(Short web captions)
+---+

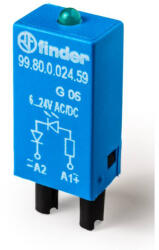 Finder 99.80. 0.230. 59 Dugaszolható modul, zöld LED-es állapotjelzés, (110. . . 240)V AC/DC (99.80.0.230.59)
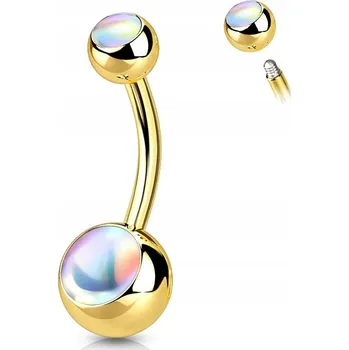 Piercing Piercing do pupíku s opalizujícím kamenem 1,6/10/5/8 zlatý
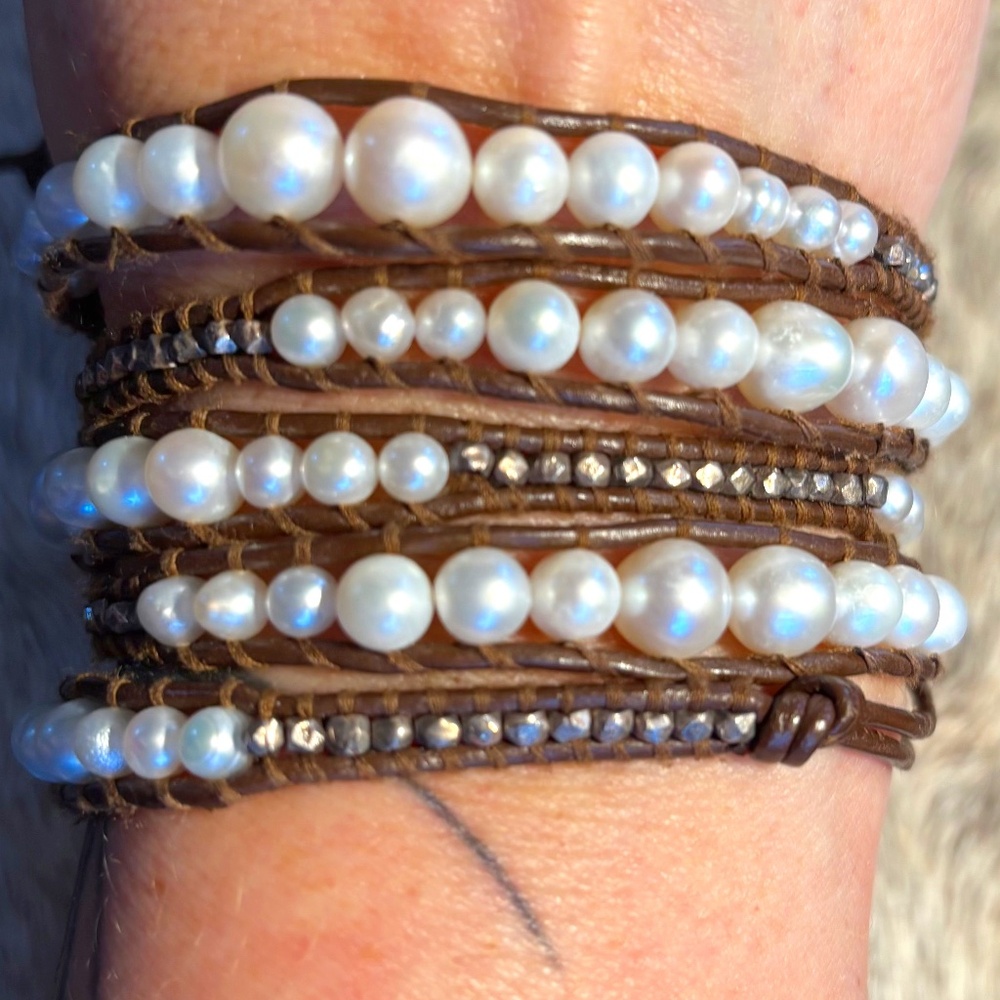 Chan Luu Wrap Bracelet White Natural Pearl and silver beads & brown leather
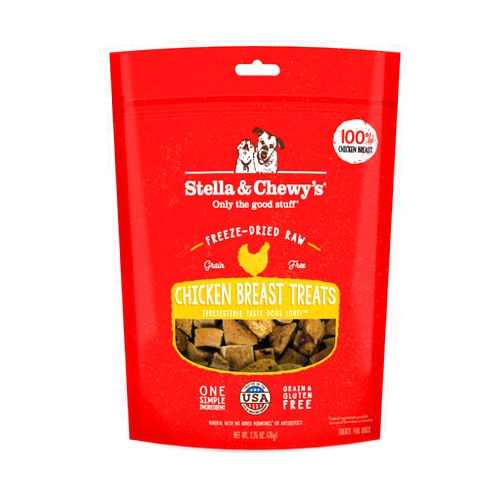 Stella & Chewy's Freeze-Dried Raw Single Ingredient Chicken Breast Treats, 2.75 oz. Bag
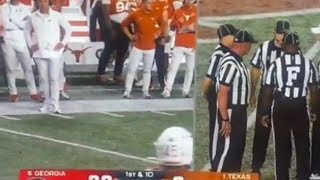 Texas vs Georgia  Pass interference call by Referee as fans throw water bottle on the field [upl. by Hedley188]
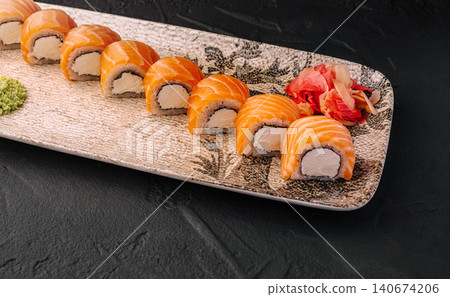 Philadelphia sushi rolls with salmon and cream cheese Philadelphia sushi rolls with salmon and cream cheese 140674206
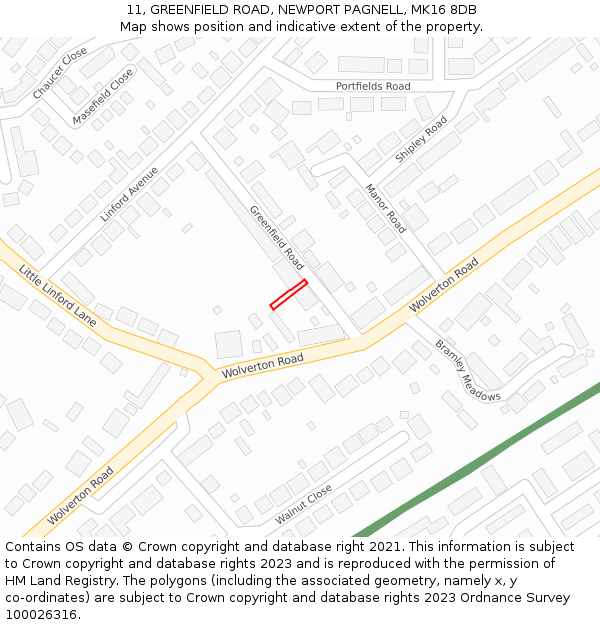 11, GREENFIELD ROAD, NEWPORT PAGNELL, MK16 8DB: Location map and indicative extent of plot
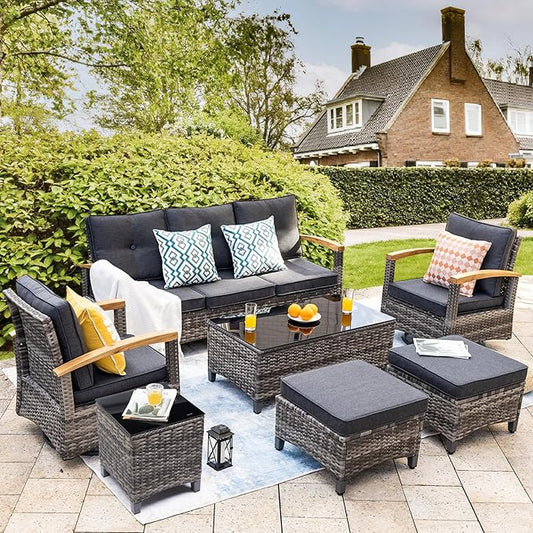 7 Pieces Patio Furniture Sets,PE Wicker Outdoor Conversation Sets with 2 Wood Armrests Swivel Rocker Chairs, 2 Ottoman, 3-seat Sofa and Coffee Table(Grey)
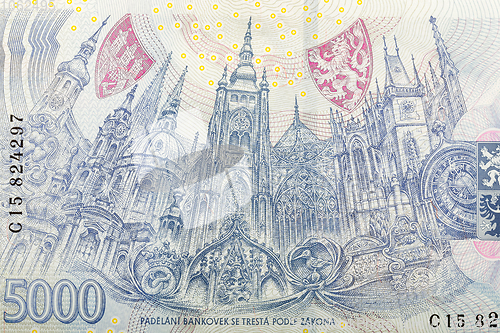 Image of detail of czech banknote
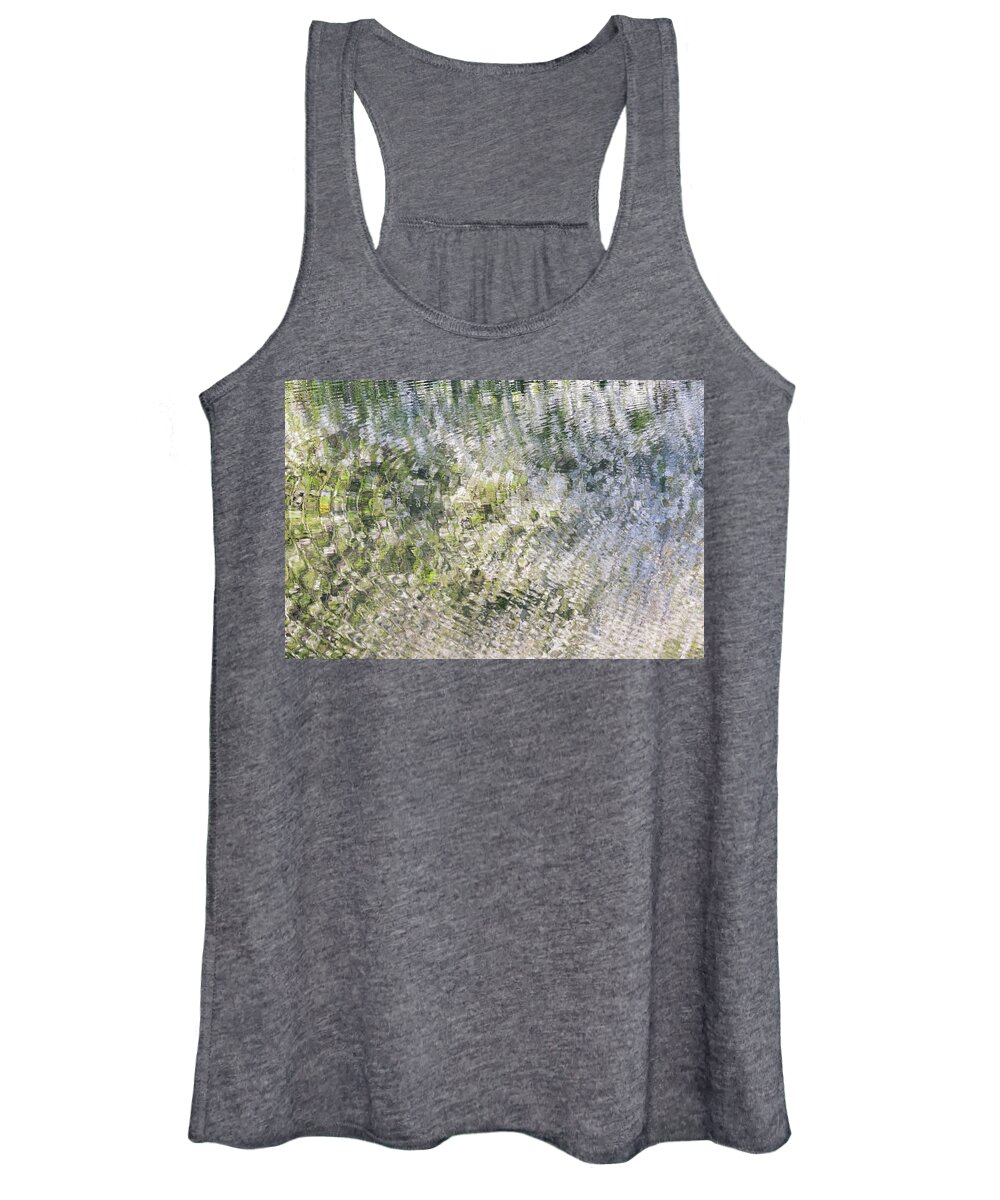 Ripples Women's Tank Top featuring the photograph Ripples on the river with blossom reflections by Anita Nicholson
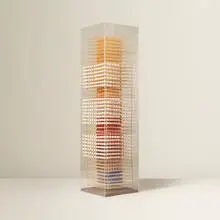 Irving Harper, Untitled, wood and paper construction suspended in acrylic box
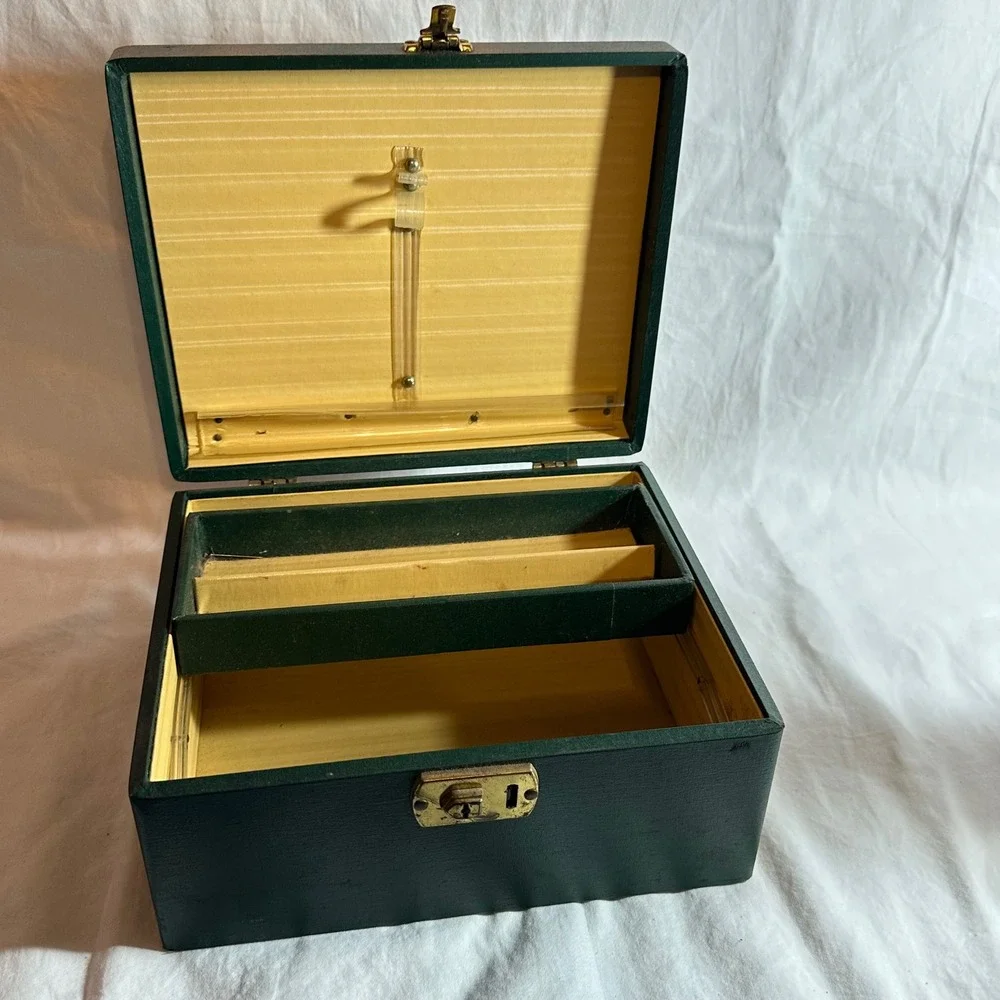 Vintage Jewelry Box Forest Green Good Faux Leather Brass Latch Top Handle Case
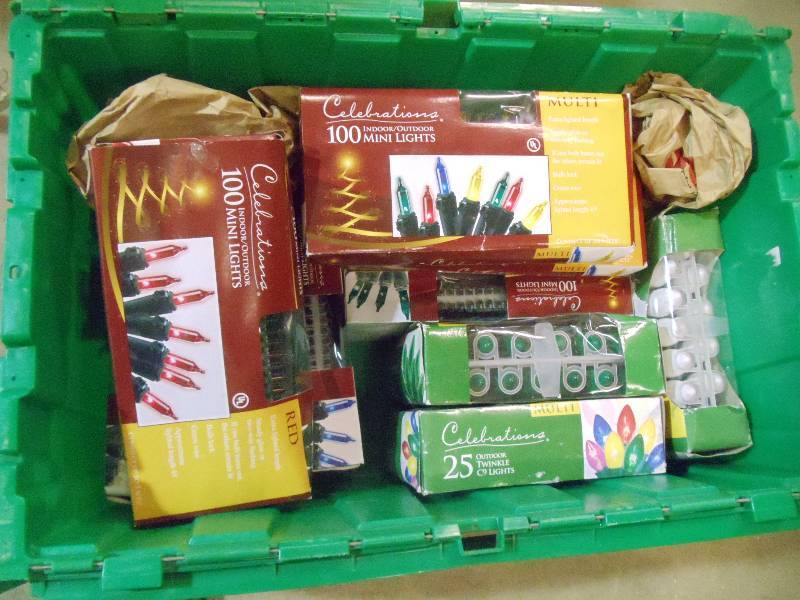 lot 352 image: NEW Entire Bin Xmas Light Sets  GREEN BIN NOT INCLUDED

+---+

PROMPT -
An exact copy of every entry, without pictures, should be your output.

WRITTEN RESPONSE -
 Finder 99.80. 0.230. 59 Dugaszolható modul, zöld LED-es állapotjelzés, (110. . . 240)V AC/DC (99.80.0.230.59)
 Piercing Piercing do pupíku s opalizujícím kamenem 1,6/10/5/8 zlatý
 Chan Luu Wrap Bracelet White Natural Pearl and silver beads & brown leather
 Stella & Chewy's Freeze-Dried Raw Single Ingredient Chicken Breast Treats, 2.75 oz. Bag
 Texas vs Georgia  Pass interference call by Referee as fans throw water bottle on the field [upl. by Hedley188]
 Philadelphia sushi rolls with salmon and cream cheese Philadelphia sushi rolls with salmon and cream cheese 140674206
 11, GREENFIELD ROAD, NEWPORT PAGNELL, MK16 8DB: Location map and indicative extent of plot
 7 Pieces Patio Furniture Sets,PE Wicker Outdoor Conversation Sets with 2 Wood Armrests Swivel Rocker Chairs, 2 Ottoman, 3-seat Sofa and Coffee Table(Grey)
 Image of detail of czech banknote
 Ripples Women's Tank Top featuring the photograph Ripples on the river with blossom reflections by Anita Nicholson
 Irving Harper, Untitled, wood and paper construction suspended in acrylic box
 Vintage Jewelry Box Forest Green Good Faux Leather Brass Latch Top Handle Case
 lot 352 image: NEW Entire Bin Xmas Light Sets  GREEN BIN NOT INCLUDED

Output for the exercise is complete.